## WORK INSTRUCTIONS
Below is a block of entries; repeat exactly the lines starting at the line that contains "Sheep Plaster Nativity..." and ending at the line that contains "Table pliante ronde en promotion spéciale", both included.

*** PROVIDED DATA Section Begins ***

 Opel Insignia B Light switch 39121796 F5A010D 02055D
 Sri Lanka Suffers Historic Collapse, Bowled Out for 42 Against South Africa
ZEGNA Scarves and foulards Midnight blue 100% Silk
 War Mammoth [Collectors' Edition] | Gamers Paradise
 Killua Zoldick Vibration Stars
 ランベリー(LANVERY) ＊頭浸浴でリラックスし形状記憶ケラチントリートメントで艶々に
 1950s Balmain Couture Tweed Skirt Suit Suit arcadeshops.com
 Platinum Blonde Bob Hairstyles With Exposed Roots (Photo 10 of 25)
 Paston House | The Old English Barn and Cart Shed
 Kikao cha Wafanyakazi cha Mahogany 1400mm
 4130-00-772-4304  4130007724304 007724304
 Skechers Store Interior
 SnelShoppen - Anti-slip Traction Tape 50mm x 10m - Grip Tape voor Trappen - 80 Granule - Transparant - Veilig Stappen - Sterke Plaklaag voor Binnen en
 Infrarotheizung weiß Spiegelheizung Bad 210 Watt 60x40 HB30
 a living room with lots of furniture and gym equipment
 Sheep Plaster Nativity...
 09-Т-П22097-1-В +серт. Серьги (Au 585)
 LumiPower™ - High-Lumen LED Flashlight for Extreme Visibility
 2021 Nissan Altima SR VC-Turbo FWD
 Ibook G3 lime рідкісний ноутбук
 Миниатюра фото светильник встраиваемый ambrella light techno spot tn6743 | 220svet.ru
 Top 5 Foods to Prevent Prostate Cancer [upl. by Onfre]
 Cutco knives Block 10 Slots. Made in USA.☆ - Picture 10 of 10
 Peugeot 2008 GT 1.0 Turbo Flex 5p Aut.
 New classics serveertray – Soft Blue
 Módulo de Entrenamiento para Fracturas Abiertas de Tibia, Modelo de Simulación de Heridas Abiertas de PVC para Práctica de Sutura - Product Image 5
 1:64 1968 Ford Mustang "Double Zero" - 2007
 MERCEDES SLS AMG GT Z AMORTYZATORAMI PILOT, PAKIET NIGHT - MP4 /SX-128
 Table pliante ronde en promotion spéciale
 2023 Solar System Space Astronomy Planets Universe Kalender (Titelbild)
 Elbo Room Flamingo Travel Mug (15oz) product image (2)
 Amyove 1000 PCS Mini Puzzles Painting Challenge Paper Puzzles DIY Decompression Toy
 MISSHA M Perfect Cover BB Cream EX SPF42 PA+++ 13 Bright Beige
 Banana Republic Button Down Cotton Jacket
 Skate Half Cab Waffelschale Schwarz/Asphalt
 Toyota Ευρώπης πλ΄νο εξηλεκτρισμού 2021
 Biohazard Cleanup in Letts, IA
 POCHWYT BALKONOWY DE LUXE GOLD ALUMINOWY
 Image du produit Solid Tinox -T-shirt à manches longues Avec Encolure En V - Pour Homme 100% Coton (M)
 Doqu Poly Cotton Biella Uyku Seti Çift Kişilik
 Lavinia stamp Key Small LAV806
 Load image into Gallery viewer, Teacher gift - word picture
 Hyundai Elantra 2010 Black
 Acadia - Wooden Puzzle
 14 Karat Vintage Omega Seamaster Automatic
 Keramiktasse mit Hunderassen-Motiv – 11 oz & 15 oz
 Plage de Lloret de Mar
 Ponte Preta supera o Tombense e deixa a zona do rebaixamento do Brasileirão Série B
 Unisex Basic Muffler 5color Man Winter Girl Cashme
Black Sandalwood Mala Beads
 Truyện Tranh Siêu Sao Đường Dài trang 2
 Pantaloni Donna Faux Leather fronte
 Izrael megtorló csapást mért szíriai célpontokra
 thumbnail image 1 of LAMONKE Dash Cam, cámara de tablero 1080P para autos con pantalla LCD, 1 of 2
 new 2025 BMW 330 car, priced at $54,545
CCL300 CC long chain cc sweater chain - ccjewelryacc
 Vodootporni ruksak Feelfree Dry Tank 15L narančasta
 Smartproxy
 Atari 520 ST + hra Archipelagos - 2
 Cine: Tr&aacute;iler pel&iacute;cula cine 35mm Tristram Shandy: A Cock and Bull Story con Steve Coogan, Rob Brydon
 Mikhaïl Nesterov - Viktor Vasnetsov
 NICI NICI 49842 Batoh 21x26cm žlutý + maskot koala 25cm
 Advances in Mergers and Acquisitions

*** PROVIDED DATA Section Ends ***

## EXERCISE SOLUTION
 Sheep Plaster Nativity...
 09-Т-П22097-1-В +серт. Серьги (Au 585)
 LumiPower™ - High-Lumen LED Flashlight for Extreme Visibility
 2021 Nissan Altima SR VC-Turbo FWD
 Ibook G3 lime рідкісний ноутбук
 Миниатюра фото светильник встраиваемый ambrella light techno spot tn6743 | 220svet.ru
 Top 5 Foods to Prevent Prostate Cancer [upl. by Onfre]
 Cutco knives Block 10 Slots. Made in USA.☆ - Picture 10 of 10
 Peugeot 2008 GT 1.0 Turbo Flex 5p Aut.
 New classics serveertray – Soft Blue
 Módulo de Entrenamiento para Fracturas Abiertas de Tibia, Modelo de Simulación de Heridas Abiertas de PVC para Práctica de Sutura - Product Image 5
 1:64 1968 Ford Mustang "Double Zero" - 2007
 MERCEDES SLS AMG GT Z AMORTYZATORAMI PILOT, PAKIET NIGHT - MP4 /SX-128
 Table pliante ronde en promotion spéciale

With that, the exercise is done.